In passing, it worth noting that the plaintiff in Bogg v Raper also raised the issue as whether or not such exoneration clauses provided an actual benefit to the executors and that thereby the preparation of the will gave rise to an unacceptable conflict of interest if the executor prepared the will.  This claim was not accepted by the court and the court found that the clause defined the potential liability by defining their position and protect them from loss, but did not confer any profit from their posi­tion.

It is also worth drawing attention to question of whether or not the increasing lack of protection for beneficiaries which results from a wider use of these clauses be reconciled with the courts’ current concern for increased protection for beneficiaries from other negligence in will preparation (see Esterhuizen v Allied Dunbar [FLR 668]and Carr-Glyn v Frearsons  (1998) All ER 225.)


Millett LJ (as he then was) in Armitage v Nurse commented on exoneration clauses:-

“It must be acknowledged that the view is widely held that these clauses have gone to far, and that trustees who charge for their services and who, as professional men, would not dream of excluding liability for ordinary professional negligence, should not be able to rely on a trustee exemption clause excluding liability for gross negli­gence……..If clauses such as clause 15 of the set­tlement are to be denied effect, then in my opinion this should be done by Parliament which will have the advantage of wide consultation with interested bodies and the advice of the Trust Law Committee….”.


The question of Parliamentary intervention to resolve the issue is indeed the answer. However, if the perception of Parliament is that exoneration clauses work against the “consumers’” interests there must be a real possibility that the solution will not be one that is welcome to professional trustees.  At present it seems easier to displace liability for remunerated trustee work than it is to displace liability for goods sold in the high street.
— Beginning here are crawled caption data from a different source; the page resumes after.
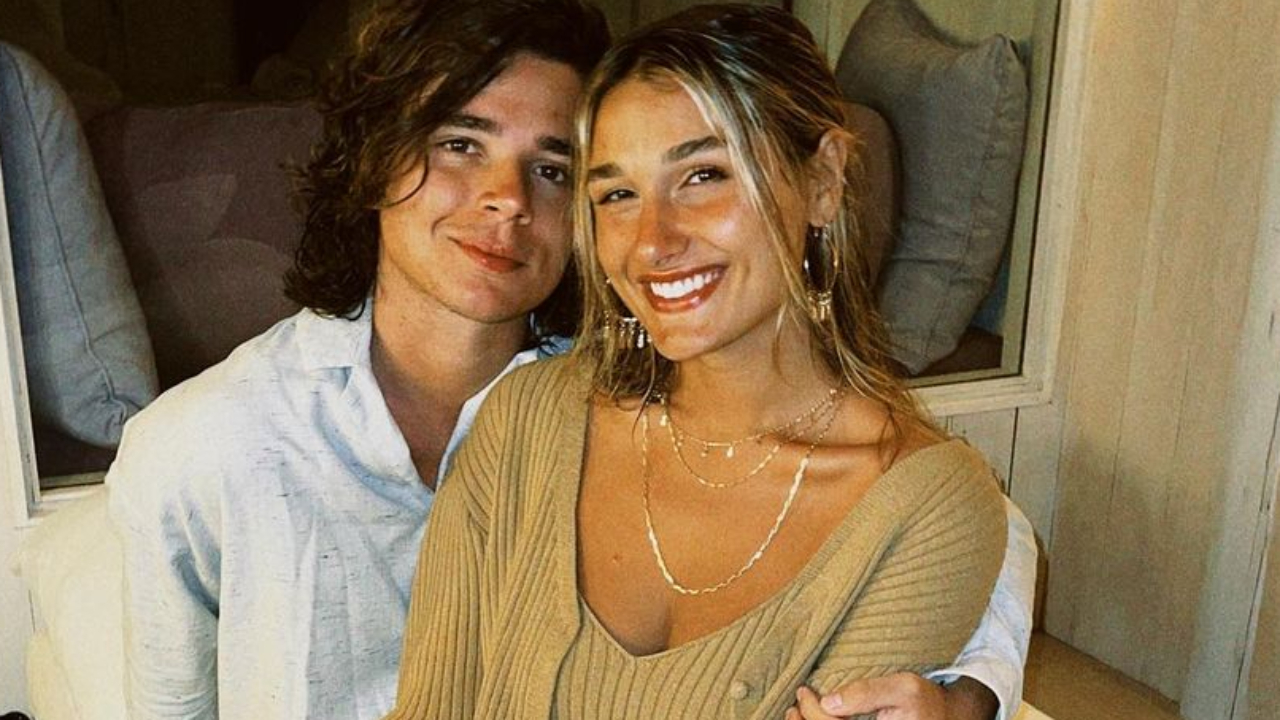Ainda em lua de mel, Sasha Meneghel ganha homenagem do marido, João Figueiredo: “Apaixonado por você”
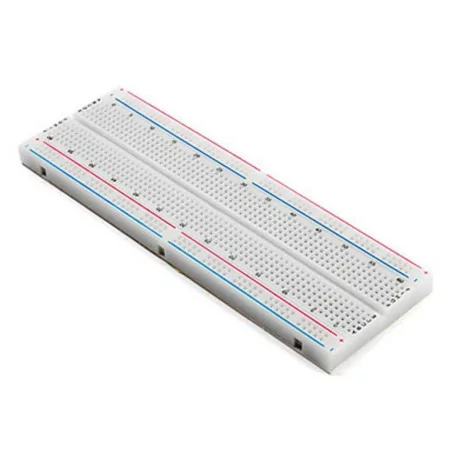 830 Tie Points Bread board ( Non-Transparent)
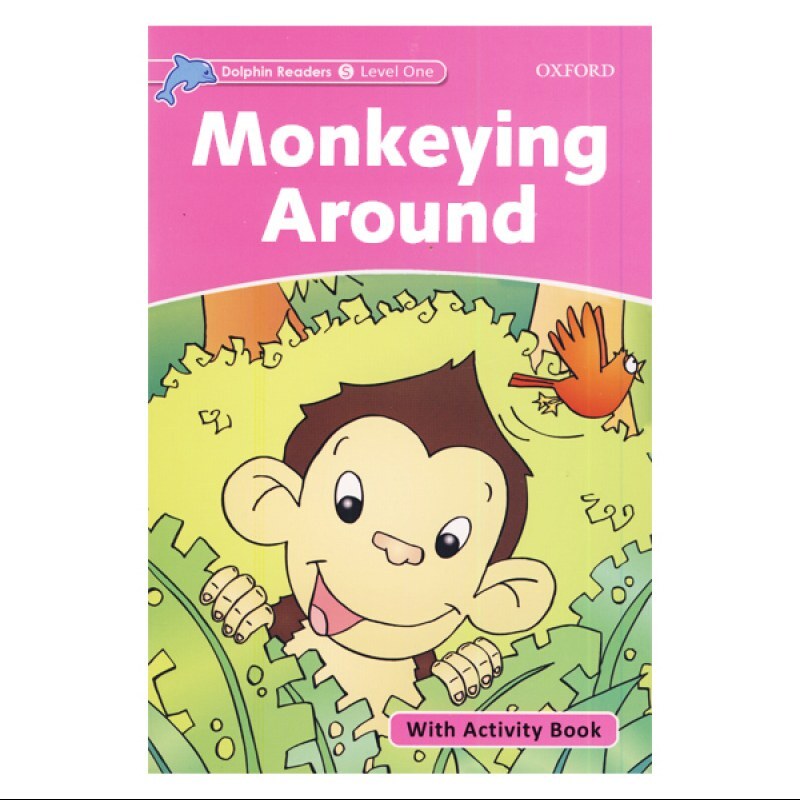 Monkeying Around داستان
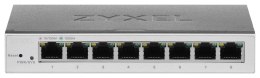 Switch Zyxel GS1200-8 8p Managed Gigabit ZyXEL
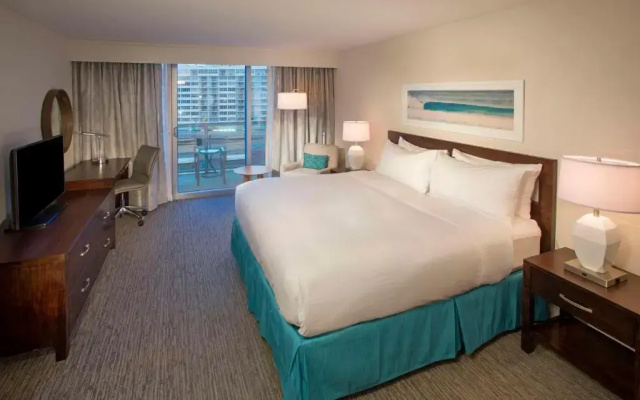 photo 2 of Doubletree Resort by Hilton Hollywood Beach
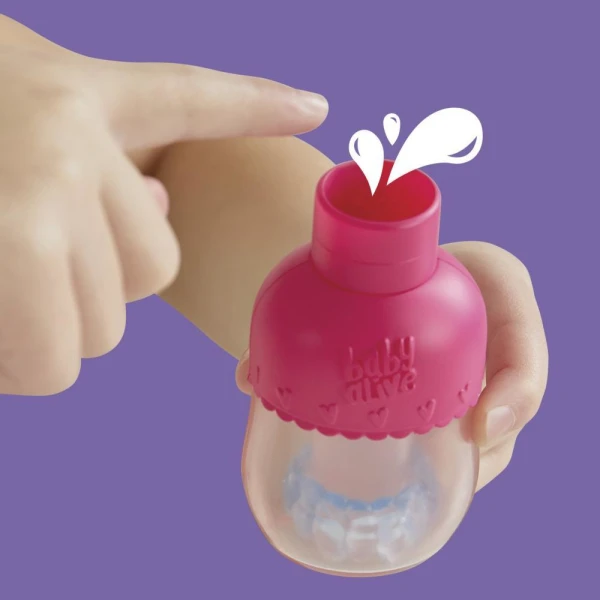 BABY ALIVE ΚΟΥΚΛΑ HARPER HUGS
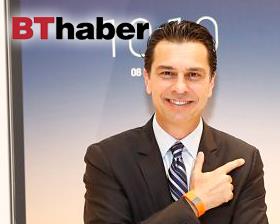 Bülent Gürcan ile Teknosa akıllılarıyla ilgili röportaj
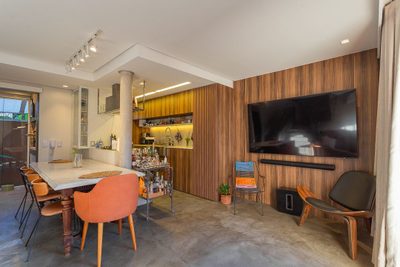 Casa de Condomínio, 3 quartos - Foto 2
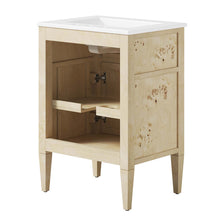 Load image into Gallery viewer, Elysian 24" Wood Bathroom Vanity by Modway
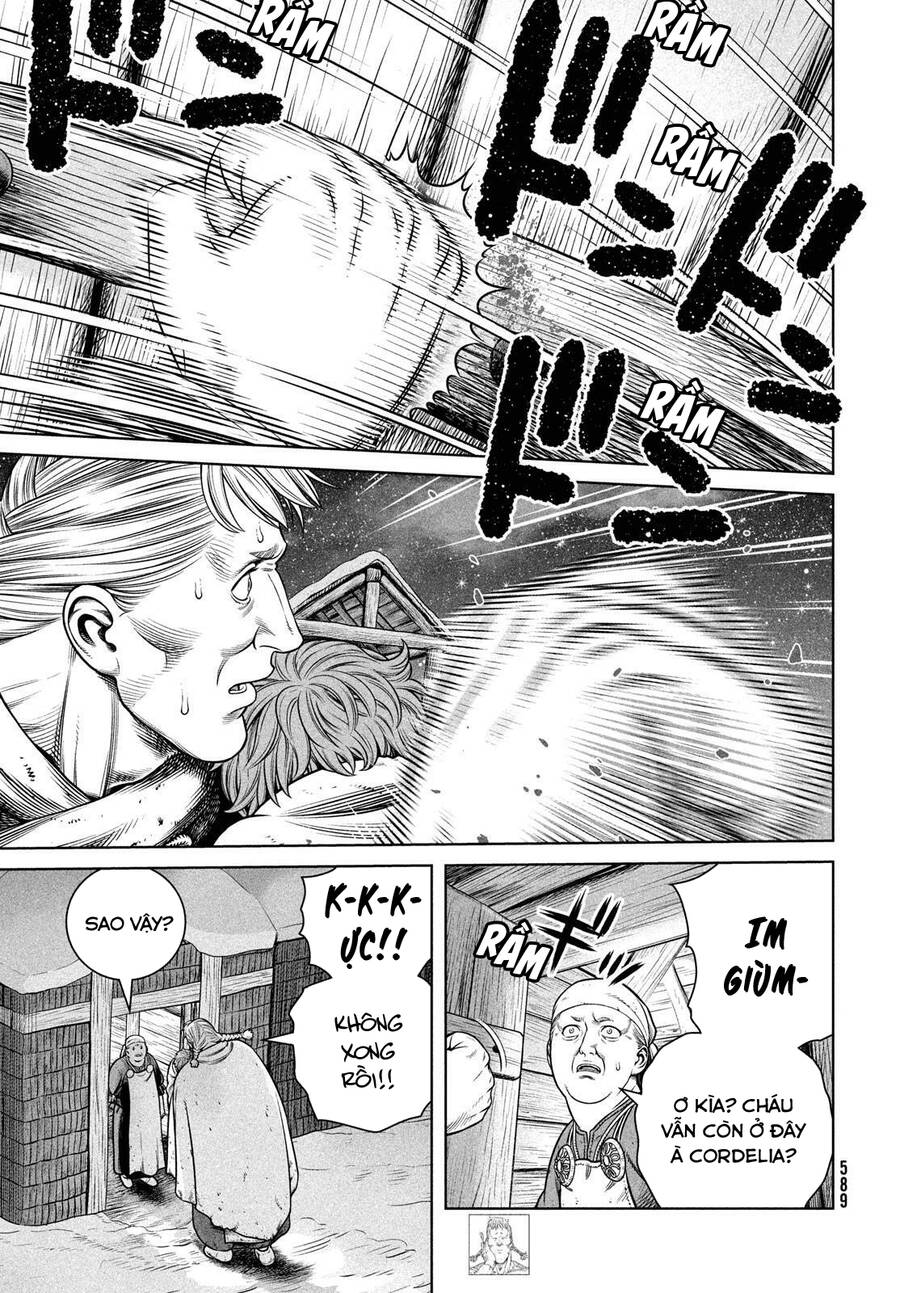 Truyền Thuyết Miền Đất Hứa Chap 207 - Next Chap 208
The issue has been thoroughly examined by the Trust Law Committee’s most recent working party and publication of its consultation paper is immi­nent.  Their proposals focus on the use of these clauses by remunerated trustees and favour statu­tory provision to prevent such a trustee from rely­ing on a clause that excludes liability for a breach of trust arising from negligence.  This contribution to the progress of this issue is very welcome and copies of the consultation paper will be available shortly.

Recent limitation on the interpretation of exoneration clauses

In Wight and another v Olswang and another (The Times 17th September 1998) it was decided that where there was doubt whether a trustee would be exempted from liability for a breach of trust under an exoneration clause, such doubt should be resolved against the trustee.  In this case, the settlement deed contain two exon­eration clauses, one of which (cl.11) applied to all trustees, whereas the other (cl.18) applied only to unpaid trustees.  The court felt that the conflict between the two clauses was such that it could not be ignored and that clause 11 must be construed as providing no exemption to paid trustees because, if it did, it would be repugnant to clause 18.

I do not pretend that I know the answers to the questions that I have posed above as their inten­tion, at this stage, is to promote debate rather than provide answers.  There are however some un­comfortable aspects to exoneration clauses and as wide a debate as possible is needed.